Our second room is a Deluxe Class Therapy Room which has a traditional droni therapy bed and a modern steamer. It's named in honour of Vagbhata. He is one of the three classical writers of Ayurveda, along with Charaka and Sushruta, who wrote the Ashtanga Sangraha and the Ashtanga Hridayam Samhita. He is believed to have lived in the 7th century until the age of 135. He was an ethnic Kashmiri. Vagbhata was a disciple of Charaka. According to Vagbhata, 85% of diseases can be cured without a doctor. Sushruta, Charaka and Vagbhata are considered to be 'The Trinity" of Ayurvedic knowledge. Vagbhata is most famous for the two classics on Ayurveda; the Ashta Hrudaya and Ashta Samgraha. They contain the essence of the treatises by Charaka and Sushrutha, as well as Vagbhata's own perceptions on Ayurveda, - Ashta Hrudaya.

Ashtanga in Sanskrit means 'eight limbs' to indicate the eight sections of Ayurveda. These sections include Internal Medicine, Surgery, Gynaecology, Pediatrics, Rejuvenation Therapy, Aphrodisiac Therapy, Toxicology, and Psychiatry or Spiritual Healing as well as therapy for above neck diseases. Vagbhata's primary focus was on Kayachikitsa or Internal Medicine, but details of surgical treatments are also dealt with extensively.
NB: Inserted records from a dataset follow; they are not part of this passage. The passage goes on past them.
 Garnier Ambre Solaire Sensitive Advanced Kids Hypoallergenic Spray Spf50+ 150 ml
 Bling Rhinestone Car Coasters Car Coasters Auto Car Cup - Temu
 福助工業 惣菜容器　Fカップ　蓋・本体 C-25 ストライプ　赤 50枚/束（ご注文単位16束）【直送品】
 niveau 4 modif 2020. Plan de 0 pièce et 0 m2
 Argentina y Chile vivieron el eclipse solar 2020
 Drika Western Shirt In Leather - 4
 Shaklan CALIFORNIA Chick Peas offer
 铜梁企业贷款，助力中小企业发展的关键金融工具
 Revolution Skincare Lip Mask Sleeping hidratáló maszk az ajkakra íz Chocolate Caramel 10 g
There are sections on longevity, personal hygiene, the causes of illness, the influence of season and time on the human organism, types and classifications of medicine, the significance of the sense of taste, pregnancy and possible complications during birth, Prakriti, individual constitutions and various aids for establishing a prognosis. There is also detailed information on Panchakarma therapies including therapeutically induced vomiting, the use of laxatives, enemas, complications that might occur during such therapies and the necessary medications. Vagbhata combined the surgical brilliance of Sushruta with the medical authority of Caraka to come up with two of Ayurveda's greatest classics – Ashtanga Nighandu and Ashtangaavathaaram.